3. In my opinion, the C-API in MATLAB/Octave is more sane than Python. It's not great, but the matrices are laid out in a rational method in MATLAB/Octave, so it's really, really easy to link into an old C/C++ or Fortran codes. Often, I've used this trick to debug the C/C++ code because I can more quickly visualize the matrices in MATLAB/Octave than I can using the native language.
As for the difference between MATLAB and Octave, I prefer Octave over MATLAB since:
1. Octave is more sane when dealing with the C-API. MATLAB is not bad, but it can be finicky sometimes and I don't feel like I should have to manually set dbmex on.
2. Octave uses the system version of GCC and does not package it's own. MATLAB does and for many years since MATLAB slow played their GCC version, this was a major annoyance when linking to codes that used C++11/14. MATLAB has done a good job in the last few years of catching up, but I still prefer to use the system compiler.
3. There are bugs in some of the Octave packages. MATLAB tends to have fewer such bugs. Most of the time, it doesn't matter till it does. Just file the bug with Octave. They can be slow, but there are a lot of people who volunteer their time and filing such bugs or helping to fix this is just the cost of this kind of software.
And, look, if you like Python, great. I also work with Python. However, again, for prototyping a technical algorithm, I prefer Octave.
I also use MATLAB/Octave quite a bit for numerical algorithm prototyping, and mostly hate it. The language has a shallow learning curve, true, but for complex software it gets ugly very fast. It’s just not a well designed language, and if you have any CS background that becomes very limiting.
The thing that MATLAB brings to the table is the incredibly high quality numerics toolboxes. Octave gets a few of those but far from all of them, making it in my experience a poor runner up.

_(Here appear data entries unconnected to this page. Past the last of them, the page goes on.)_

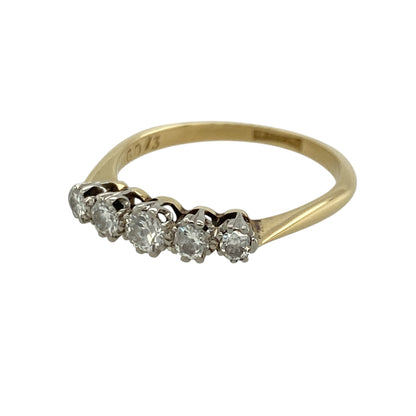 This pre-owned 18ct yellow gold and platinum diamond five stone band ring is a timeless classic, showcasing five sparkling diamonds in an elegant traditional setting.

Design: The ring features five graduated diamonds set across a platinum-topped band, creating a beautiful display of brilliance. The combination of rich 18-carat yellow gold and platinum gives this classic design a refined and enduring appeal, making it ideal as an anniversary ring, wedding band or everyday piece.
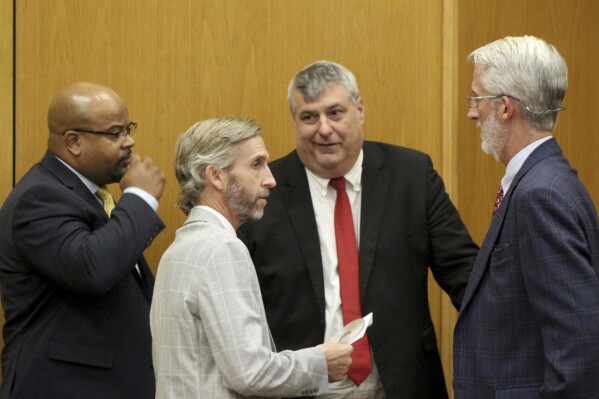 District Investigator Damian Gatlin, left, attorney Dan Kitchens, second from left, Lincoln County District Attorney Dee Bates, second from right and attorney Mike Kitchens confer over evidence at the trial of two white men who are accused of chasing and shooting at a Black FedEx driver who had dropped off a package at a home, Wednesday, Aug. 16, 2023, in Brookhaven, Miss. (Hunter Cloud/The Daily Leader via AP)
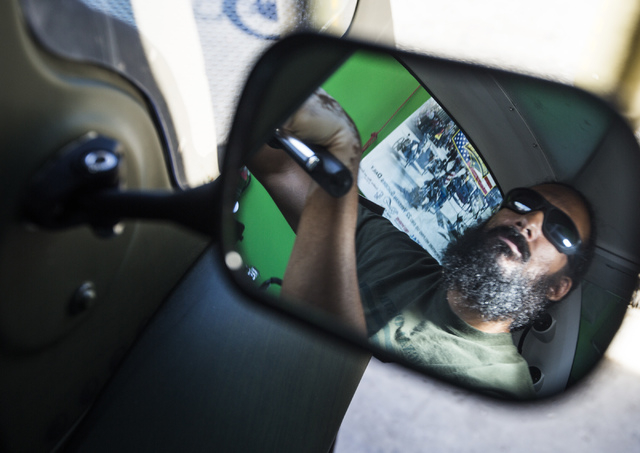 Peter Guidry, co-founder of  Forgotten Not Gone, 3355 Clayton Street, sits inside an enclosed tricycle on Monday, June 22, 2015. The nonprofit  provides trikes for veterans and their families to   ...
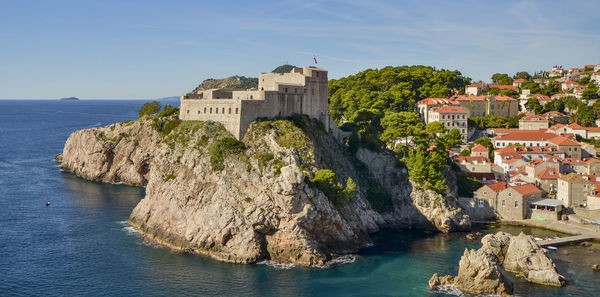 Buildings by sea against sky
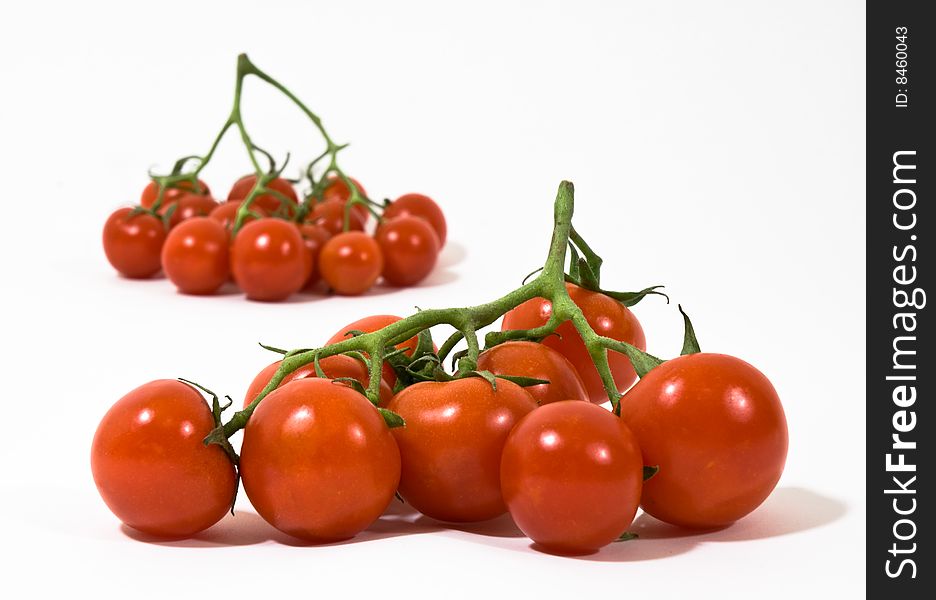 Groups of red tomatoes on white background. Groups of red tomatoes on white background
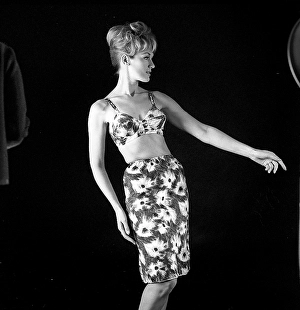 In the 1960s. A model in a typical 1960s outfit photographed in a studio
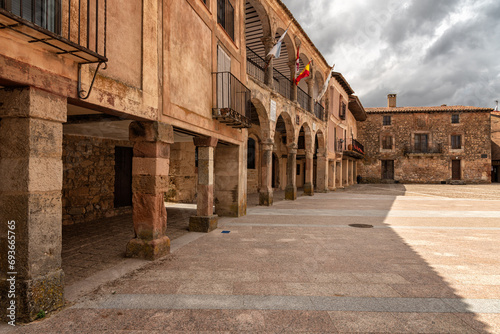 La Alhondiga, a small 16th century building with a double gallery facade with four arches in each one and a ducal shield, which was a building for the grain exchange, Medinaceli, Soria, Spain photo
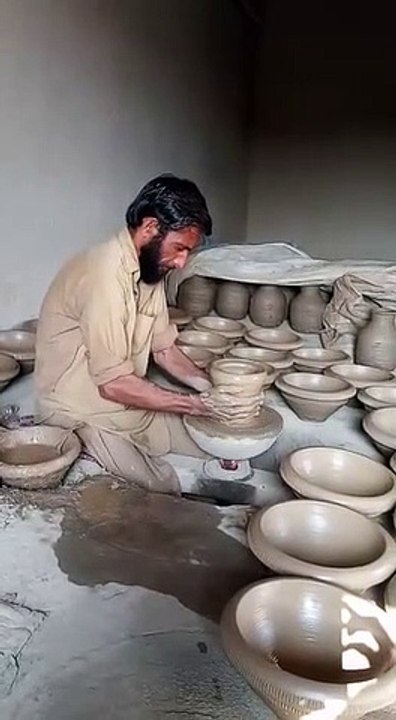 Poor Man making different things from mud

Whenever I have a choice I now go first to Julia. The language just makes me happy and the numeric infrastructure is almost complete enough.
Except for something like Simulink. When you need Simulink, there’s nothing else out there that’s a valid alternative.
A language like Julia tries to bridge that gap. My problem with Julia is that we don't get license coverage for things like SuiteSparse even with a JuliaPro license. MATLAB has done a fantastic job of dealing with this and is well worth my license fee every year, so that my customers and I don't have to deal with it. Till this changes, it's a nonstarter for me.
As far as the differences in packages between MATLAB and Octave, I'll contend that it depends. For their lower level routines, they often use the exact same codes. Both use ARPACK for iterate eigenvalue solving. Both use various forms of SparseSuite, UMFPACK, LAPACK, and the like for their algebra. For me, I tend to only use these lower level routines, so there's little or no difference in performance or efficacy between the two. For the toolbox arena, I know there are differences and I agree that can be frustrating. I suppose my point is that it really depends where on the spectrum of lower level to higher level mathematical abstractions that we need. For low level abstractions, I feel that Octave works great and it's been a critical tool for me.
For simulation there is the Modelica standard for which open source implementations exist. But you don't code-generation for controllers, etc.
Citation: go on github, search PRML and look at the Python versus Matlab results.
I don't know why people have a problem porting Matlab code to Octave; it's been drag and drop for me except for the more esoteric package dependencies.
Is this a nuisance also for you? I would be interest in how do you overcome this (asking for a friend working in image processing in MATLAB)
I recall there being some minor differences in how mex files are written, but I'm looking now and all the routines I typically use are mirrored between the two. I will say that I don't like building mex files using mex command inside of the interpreter. Personally, I find it easier just to use a build system like CMake. Mex files are just dynamically linked libraries that link either to libmx and libmex on the MATLAB side or liboctinterp on the Octave side. They look for name mexFunction on our end. As such, I have a flag in the build file to switch between MATLAB and Octave headers and libraries depending on what platform that I want to build for. Just be sure to separate out the binaries because those aren't really compatible between the two and the licensing between them is different as well.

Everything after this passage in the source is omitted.